I currently use Stahls "Any Way Any Word" designs but would like to have more freedom to design and cut my own fabric, twill, vinyl etc.

I don't want to get a laser type machine, all that I have look at are way out of my budget. 

Does anyone have any recommendations for a cutter that they use for in house applique designs. I would also use this for Vinyl names and short run numbers.

I do all in house digitizing so that won't be a problem. 

Thanks for the input.


----------



## ALBATROSS (Apr 20, 2016)

Hi Florida-
I've had limited success cutting PS twill with a cheepie US Cutter or even a Cricket when in a pinch but neither would be very consistent if you need more than one or two, definitely out of the picture if the applique requires tight bends, your better off cutting them by hand. Stahl's will do custom appliques for you if you send them the artwork, or you can send them your DST. and they will cut the twill for you, they have a five piece minimum but you know they are all exact to spec. Hope this helped

Have Fun!
-Sandy


----------



## 1090gal (Aug 2, 2016)

I looked into this awhile back too. The results of my research at the time were: nothing really cuts twill acceptably for commercial-type application other than a laser cutter. If that has changed since a couple years ago and there’s a vinyl-type cutter that can do it, I’ll be happy to hear it!

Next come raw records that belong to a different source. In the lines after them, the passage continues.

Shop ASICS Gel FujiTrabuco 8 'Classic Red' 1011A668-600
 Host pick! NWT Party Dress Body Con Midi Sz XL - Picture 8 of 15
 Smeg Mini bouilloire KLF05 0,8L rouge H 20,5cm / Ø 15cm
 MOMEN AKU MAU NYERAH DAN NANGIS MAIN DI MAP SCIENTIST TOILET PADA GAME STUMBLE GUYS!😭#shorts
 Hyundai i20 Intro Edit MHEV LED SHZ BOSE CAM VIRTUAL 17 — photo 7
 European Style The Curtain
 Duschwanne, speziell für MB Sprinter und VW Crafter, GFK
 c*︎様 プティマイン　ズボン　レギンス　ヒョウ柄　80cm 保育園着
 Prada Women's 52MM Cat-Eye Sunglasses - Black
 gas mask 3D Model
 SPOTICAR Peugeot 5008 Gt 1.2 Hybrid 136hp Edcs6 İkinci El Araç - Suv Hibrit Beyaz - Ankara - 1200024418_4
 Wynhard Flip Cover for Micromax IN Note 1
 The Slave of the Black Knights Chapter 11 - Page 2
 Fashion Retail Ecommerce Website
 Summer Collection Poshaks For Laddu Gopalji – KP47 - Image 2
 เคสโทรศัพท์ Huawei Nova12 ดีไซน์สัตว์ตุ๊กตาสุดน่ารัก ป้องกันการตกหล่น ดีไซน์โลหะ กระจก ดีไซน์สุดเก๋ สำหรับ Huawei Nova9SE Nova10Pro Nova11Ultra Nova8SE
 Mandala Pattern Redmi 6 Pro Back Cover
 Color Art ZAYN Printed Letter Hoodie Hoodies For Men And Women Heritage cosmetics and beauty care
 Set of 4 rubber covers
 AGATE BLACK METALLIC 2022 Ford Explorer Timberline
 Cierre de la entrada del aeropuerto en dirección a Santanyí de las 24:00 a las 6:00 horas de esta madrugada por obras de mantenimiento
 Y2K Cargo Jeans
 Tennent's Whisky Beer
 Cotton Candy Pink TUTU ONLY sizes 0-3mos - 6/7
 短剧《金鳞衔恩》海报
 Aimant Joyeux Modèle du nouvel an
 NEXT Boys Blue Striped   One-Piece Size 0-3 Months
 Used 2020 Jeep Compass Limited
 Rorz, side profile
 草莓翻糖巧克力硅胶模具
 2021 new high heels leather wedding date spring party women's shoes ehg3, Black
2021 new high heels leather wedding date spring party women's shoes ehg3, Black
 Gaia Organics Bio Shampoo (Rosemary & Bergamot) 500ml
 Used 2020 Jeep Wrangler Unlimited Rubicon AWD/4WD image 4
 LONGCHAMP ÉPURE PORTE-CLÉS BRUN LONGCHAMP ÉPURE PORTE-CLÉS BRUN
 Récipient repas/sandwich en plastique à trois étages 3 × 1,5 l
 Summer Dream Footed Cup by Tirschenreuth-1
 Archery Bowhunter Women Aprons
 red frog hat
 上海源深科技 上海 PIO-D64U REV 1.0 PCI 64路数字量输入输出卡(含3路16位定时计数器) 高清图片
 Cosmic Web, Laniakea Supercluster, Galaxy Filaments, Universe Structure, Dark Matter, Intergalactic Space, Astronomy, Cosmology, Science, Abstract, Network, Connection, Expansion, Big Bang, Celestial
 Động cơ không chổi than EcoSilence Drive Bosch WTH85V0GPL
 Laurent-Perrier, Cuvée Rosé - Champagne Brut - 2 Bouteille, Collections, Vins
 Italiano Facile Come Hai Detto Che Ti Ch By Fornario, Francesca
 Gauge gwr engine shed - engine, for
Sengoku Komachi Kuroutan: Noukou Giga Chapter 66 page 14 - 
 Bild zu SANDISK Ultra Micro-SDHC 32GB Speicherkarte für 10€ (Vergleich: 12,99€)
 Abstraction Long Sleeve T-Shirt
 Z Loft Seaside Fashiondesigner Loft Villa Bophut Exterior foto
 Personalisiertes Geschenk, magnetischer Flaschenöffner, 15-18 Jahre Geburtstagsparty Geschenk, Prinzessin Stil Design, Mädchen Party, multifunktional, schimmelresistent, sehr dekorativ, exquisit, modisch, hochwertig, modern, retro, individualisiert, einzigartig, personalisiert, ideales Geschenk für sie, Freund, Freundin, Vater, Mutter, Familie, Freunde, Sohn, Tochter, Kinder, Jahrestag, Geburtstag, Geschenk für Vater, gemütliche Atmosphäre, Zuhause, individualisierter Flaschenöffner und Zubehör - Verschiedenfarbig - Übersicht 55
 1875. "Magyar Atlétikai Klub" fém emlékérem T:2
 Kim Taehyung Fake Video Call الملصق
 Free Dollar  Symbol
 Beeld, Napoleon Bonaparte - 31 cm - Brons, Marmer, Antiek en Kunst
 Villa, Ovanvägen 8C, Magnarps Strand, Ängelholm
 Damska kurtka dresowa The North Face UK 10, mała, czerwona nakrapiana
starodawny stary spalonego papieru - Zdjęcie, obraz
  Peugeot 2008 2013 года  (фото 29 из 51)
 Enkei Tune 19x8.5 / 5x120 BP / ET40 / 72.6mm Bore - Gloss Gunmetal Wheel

Sent from my iPhone using Tapatalk


----------



## tfalk (Apr 3, 2008)

We've been using a Roland GX-24 for years to cut PSA twill for appliques, not sure why people would think you can't? Pretty much any of the 24 inch or larger cutters can easily handle twill. I also use a KNK Zing for cutting twill and fabric for appliques. For greek letters, we have an Accucut die-cutter and I digitized several of the background and foreground letters - it's much faster to use the die cutter when you have cut hundreds of the letters.

If I knew then what I know now, I probably would have taken a longer look at an Ioline cutter for fabric and appliques.


----------



## floridasunset (Dec 27, 2017)

Thanks for the reply's.

I happened to find the Ioline 300 series late last night when doing random searches on you tube. That is exactly what I'm looking for, just out of the budget with it being over $5,000.... compared the rolands gx-24 or graphtex around 2,000.

I do like the Ioline 300 and the kiss cuts that it can do, plus it digitizes for you on all the cuts.

Thanks to everyone for the information...I might just save for the Ioline


----------



## ajmonka (Oct 11, 2017)

You need to set the blade so it will cut deeper and higher pressure to cut twill. I'm not sure you can do that with a Cricut or any other home based machine. Better grade cutters can cut twill as long as it's adjusted properly.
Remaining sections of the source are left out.